The Neymar deal is not just a matter of sport. Just look at the humongous figures in today’s football. The Brazilian champion moved from Barcelona to Paris Saint Germain, a club owned by Tamim bin Hamad al-Thani.
The player will be “hired” as a testimonial of the World Cup that Qatar will host in 2022 so that he will be able to pay for the release clause that binds him to the Spanish giant. Qatar Sports Investment led the biggest football transaction of the transfer market history.
Qatar Sports Investment, owner of the French team since 2011, is the operating arm of the sovereign fund Qatar Investment Authority created by Emir Hamad bin Khalifa al-Thani, the sovereign of the country. Thanks to Neymar’s transfer, football officially becomes a legitimate weapon on the international chess board for a sovereign state, a geopolitical soft power tool.
Joseph Nye, the mind behind this concept, explained that a geopolitical soft power is the ability to push international actors to keep their conduct in line with the wishes of those who possess it without resorting to military force.
Even for those who are not keen on international relations and are unable to identify Doha on the planisphere, Paris Saint Germain is identified as “the team of Qatar”.
The acquisition of one of the most prestigious sports clubs in Europe is an operation that the emirates of the small state have built together with the organization of the 2022 World Cup. That event will consecrate Qatar worldwide.
This is practically the same thing that happened with the Olympic Games in Beijing which enhanced China’s role on the international chess board.
Qatar lives a very delicate moment because of its confrontation with Saudi Arabia and the other petrol-monarchies of the Persian Gulf that imposed to the small emirate diplomatic and economic isolation.
This was an existential threat to Doha that, in the last decade, played an important role in the International politics, from the conflict in Syria, the Palestinian question, and the troubled post-war phase in Libya.
In less than a decade, the emirate has become a fundamental part of the globalized economy. Qatar has shareholdings in Volkswagen, Lagardere, Airbus, and in banks such as HSBC and Credit Suisse. To keep up to date, Qatar has just sealed a contract with Fincantieri to buy seven warships worth five billion euros. Qatar is also a key player in the world of energy as the first producer of GNP (liquefied natural gas) that fuel the economies of many countries in Asia and Europe.
Qatar knows that having tight economic relations with Western countries and providing capital to economies that still pay the shred of the 2008 great economic crisis also means guaranteeing a sort of life insurance and political independence in one of the world’s most conflicting and strategic regions, such as the Middle East.

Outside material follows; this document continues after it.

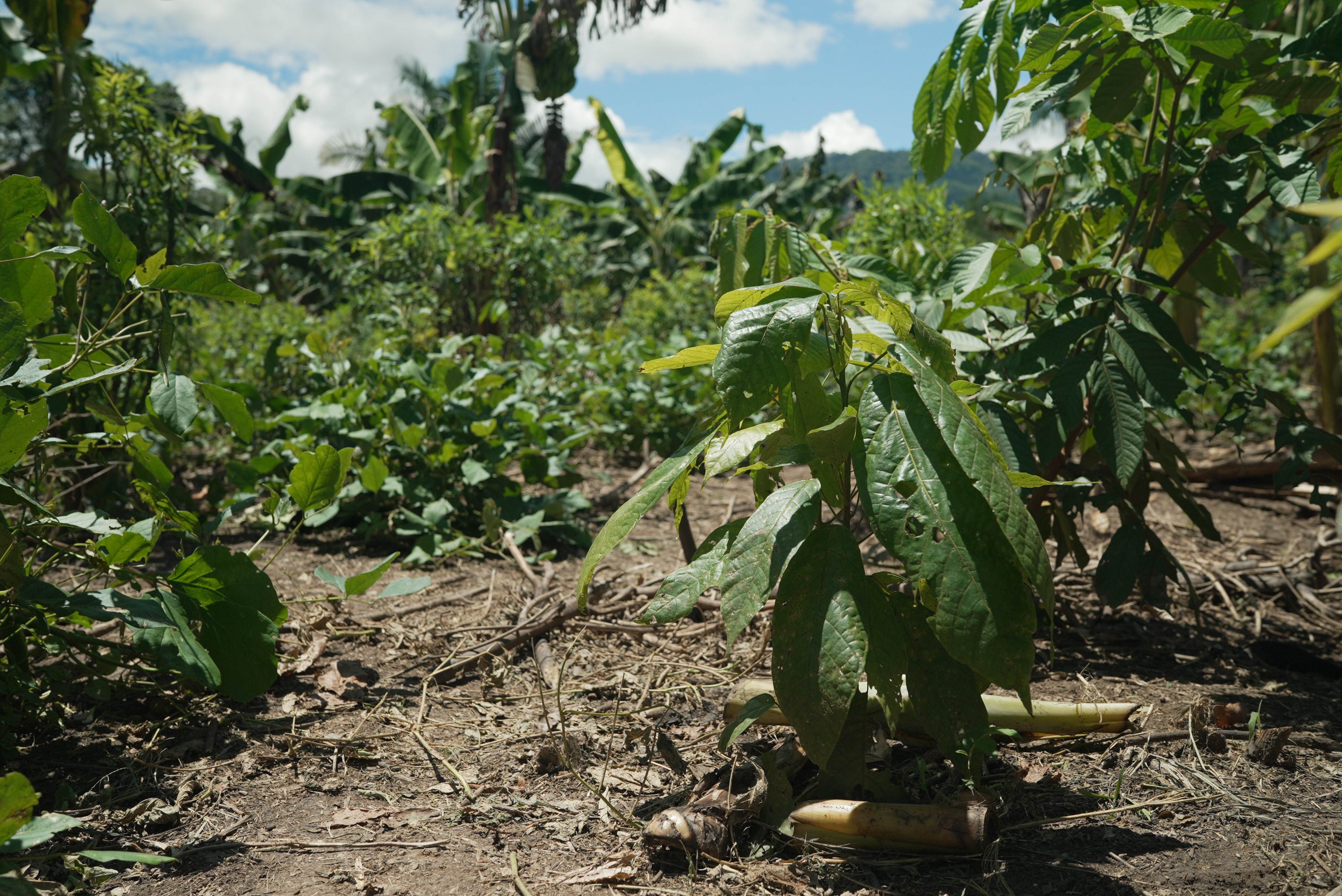 A cocoa tree in Peru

For this reason, Neymar’s acquisition can be interpreted as a major global rebranding operation as well as a demonstration of a lasting economic strength, since it is a total deal of over 600 million euros.
Football has always been one of the privileged tools for spreading the image of Qatar. Although this time Barcelona is negatively affected by this deal having lost one of the best footballers on the planet and one of the most productive images in terms of revenue from sponsor and visibility on social media, just a few years ago, the Catalans were benefiting from Qatar’s petrodollars.
From 2010 to the current sporting season, Qatar Sports Investments has branded the previously immaculate Barcelona jerseys with the brands “Qatar Foundation” and “Qatar Airways”. An exceptional geopolitical marketing move that highlighted the name of a state unknown to the general public on the uniforms of one of the most famous teams in the entire sports landscape.
By doing so, Qatar has also linked its name to that of the most-prestigious jewel in football, Messi, as well as to that of one of the most supportive clubs in the world and with a winning and “friendly” image fueled by sporting successes.
With Neymar’s move to Paris and by using the Brazilian star as the testimonial of the great sports event that Doha will host, Qatar wants to safeguard the organization of that FIFA event, the first World Cup in the history of a Muslim country.
As Calcio e Finanza previously reported, the emirs are willing to invest 500 million a week until 2022 to amaze the world. An avalanche of money to sanction the role of Qatar as a great economic and political power and to continue to be one of the protagonists on the world panorama.